Un po’ ovunque, nei quattro angoli del vigneto, iniziano a emergere iniziative. A Pouillon, Vincent Cuillier coltiva tigli nelle sue vigne. A Reuves, la Maison de Champagne Valérie & Gaël Dupont è rappresentata da una coppia di vignaioli impegnati che organizzano giornate aperte sui benefici della viticoltura agroecologica. A Fossoy, Benoît Déhu, vignaiolo in biodinamica, ha piantato più di 350 alberi nel suo dominio, sia da frutto che da foglia. Nell’Aube, a Les Riceys, Florent Grados ha seminato fave, segale, trifogli rossi e trifogli bianchi nani nel suo vigneto per ricreare una copertura isotermica all’interno delle sue parcelle.

Dal lato delle Maison, Ruinart, il cui vigneto è certificato HVE dal 2014, ha recentemente annunciato di condurre un progetto pilota di vitiforestazione. Prevede, tra l’altro, la piantumazione di 14.000 alberi e arbusti nel suo dominio di Taissy. Secondo Frédéric Dufour, Presidente della Maison, è urgente moltiplicare le azioni per promuovere la biodiversità e combattere il cambiamento climatico in Champagne. Questo progetto è una delle soluzioni più accessibili ed efficaci.

L’agroforestazione, quali svantaggi?

La mancanza di esperienza. Gli studi comparativi sono ancora in corso. Gli indicatori aiuteranno a misurare l’efficacia e la performance di questa pratica nel tempo.

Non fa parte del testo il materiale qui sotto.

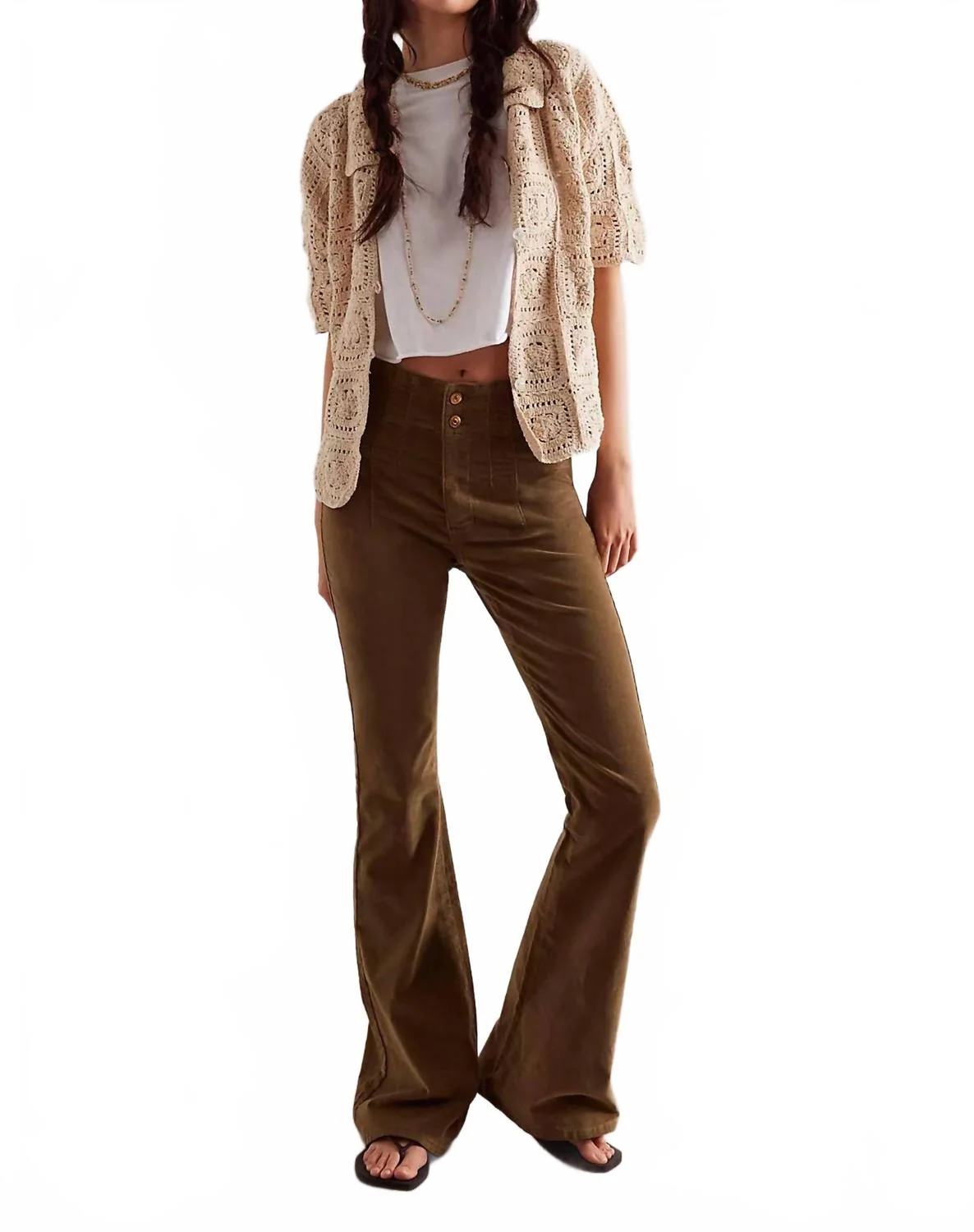 Jayde Cord Flare Jeans In Fir Green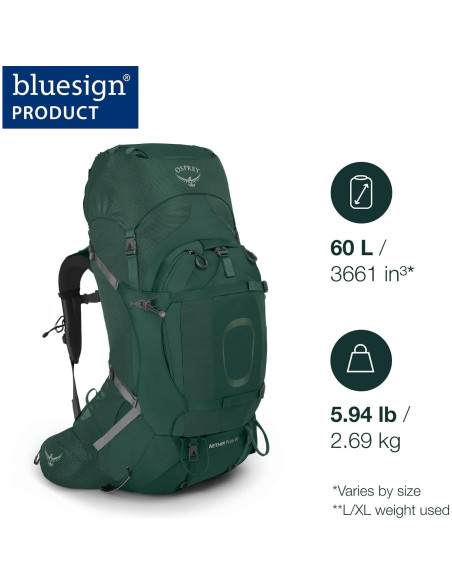 Mochila de Senderismo Osprey Aether Plus 58L Verde Axo S/M Mochila de Senderismo Osprey Aether Plus 58L Verde Axo S/M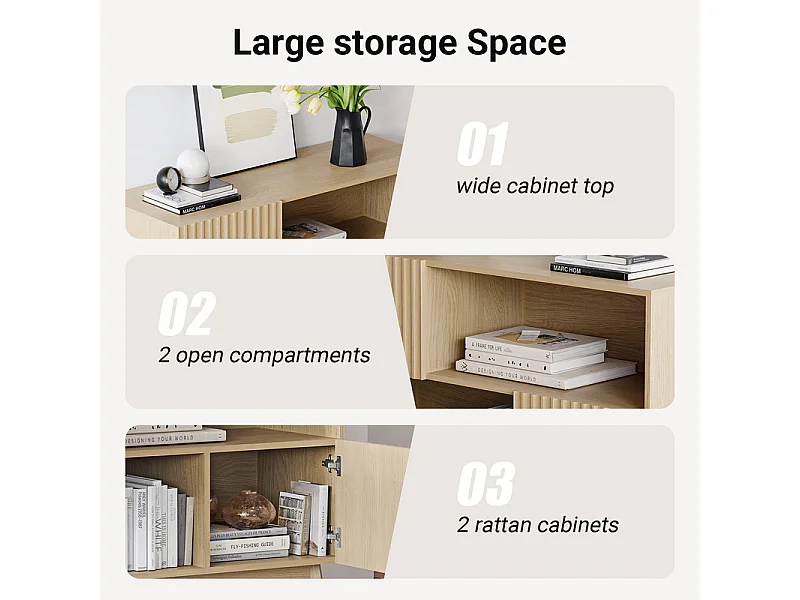 Buffet Moderne avec 2 portes et 2 niches, en Bois, charge max 50kg, Naturel clair, 100x38x77cm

In termini di costi, questa coltura intercalare richiederà più manodopera e investimenti, soprattutto in attrezzature adeguate. Alcuni macchinari dovranno essere sostituiti con strumenti elettrici portatili per lavorare e mantenere le parcelle. Ma per i sostenitori dell’agroforestazione, gli alberi ben piantati, in buone condizioni, alla giusta densità e ben gestiti durante tutto l’anno compensano gli svantaggi come l’ombra dannosa per lo sviluppo delle colture o la competizione per le risorse idriche…

Con il ritorno della biodiversità, dei colori, degli odori e dei suoni, non è escluso che i lavoratori stagionali ritrovino un certo piacere nel lavorare il vigneto. Forse questo aiuterà a colmare la carenza di manodopera?

Oltre l’agroforestazione

Ad oggi, nessuna controindicazione alla pratica dell’agroforestazione nel vigneto è stata rilevata dalle istituzioni champenoises. Cosa potrebbe quindi impedire al movimento di espandersi? Forse la paura del cambiamento e dell’ignoto? Paura di dover abbandonare il comfort di una monocoltura intensiva dove la natura è sfruttata? Paura di fidarsi del genio della Natura?

In ogni caso, a Plus de bulles, siamo convinti di una cosa: ognuno può agire secondo le proprie possibilità. Quindi facciamo del “produrre meglio” il futuro. Cheers !

Fonti:

[1] A Lapouyade (Gironda), Delphine e Benoit Vinet (Domaine Emile Grelier) hanno convertito i loro 8 ettari di vigneti all’agroforestazione.